In the following sample schedule, “Elective” means any course for which a student can receive credit at the school to which he/she intends to transfer. “Humanities Elective” means a transferable course in Art, Drama, Literature, Humanities, Foreign Language, Music, Philosophy or Religion. “Social Science Elective” means a transferable course in Economics, Political Science, History, Geography, Psychology, or Sociology. “Natural Science (Lab)” means a transferable course in Biology, Chemistry, Environmental Science, Geology, Natural Science, or Physics that includes both lecture and laboratory sessions.
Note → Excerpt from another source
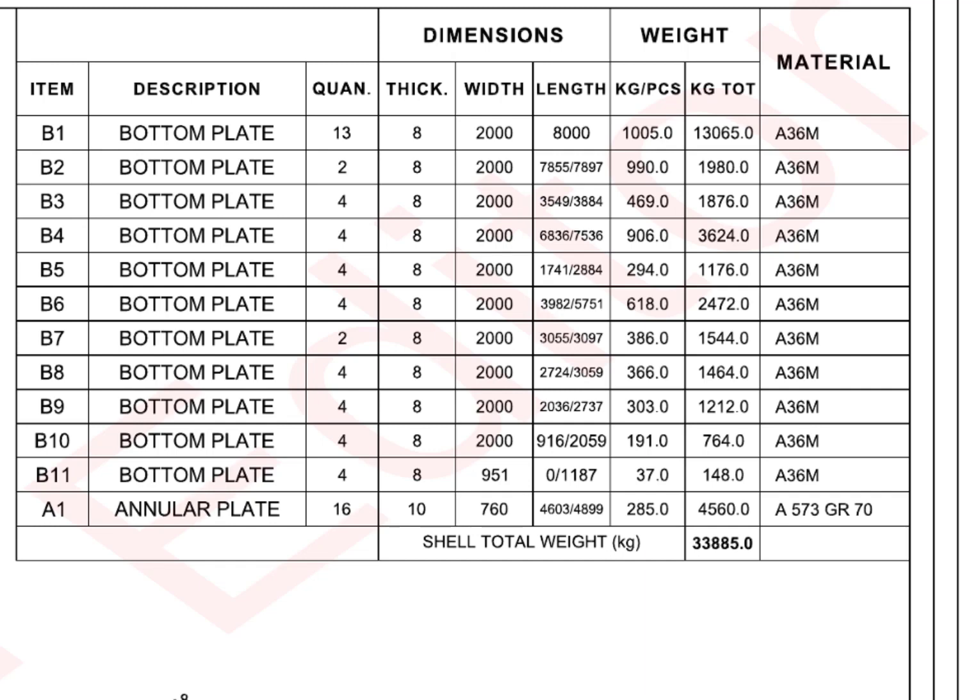Now the most important thing — the material. People sometimes make mistakes when choosing the correct grade material. Before marking, make sure the material grade is as per the drawing. Here, all the bottom plates are grade A36M, and the annular plate material is A573 grade 70.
Students should choose electives that are related to their chosen area of training and approved by their program advisor.

General Studies – Computer Science (697-02)
Sample Schedule
First Semester
ENG 111 College Composition I 3
HIS 101/121 Western Civilization I or US History I 3
MTH 151/163 Math for Liberal Arts I or Pre-Calculus I2 3
ITE 115 Intro to Computer Apps & Concepts 3
HLT/PED ___ Health/Physical Education Elective 1
SDV 100 College Success Skills 1
Total Semester Credits 14
Second Semester
ENG 112 College Composition II 3
HIS 102/122 Western Civilization II or US History II 3
MTH 152/164/240 Math for Liberal Arts II, Pre-Calculus II, or Statistics 3
CSC 200 Introduction to Computer Science 3
Humanities ___ Humanities Elective1 3
HLT/PED ___ Health/Physical Education 1
Total Semester Credits 16
Third Semester
Science ___ BIO 101, CHM 111, GOL 111, NAS, or PHY 4
CSC 201 Computer Science I 4
Social Science ___ ECO, PLS, PSY, SOC elective 3
CST 100 Principles of Public Speaking 3
Total Semester Credits 14
Fourth Semester
Science ___ BIO 102, CHM 112, GOL 112, NAS, or PHY 4
CSC 202 Computer Science II 4
Social Science ___ ECO, PLS, PSY, SOC elective 3
Humanities ___ Humanities elective 3
CSC 205 Computer Organization 3
Total Semester Credits 17
Total Credits 61
1 Note: Some university programs require literature in the second year.
2 Students and their advisors should choose the mathematics sequence required by the institution where the student plans to transfer. Most Computer Science programs require Calculus, so the student should prepare to take those classes.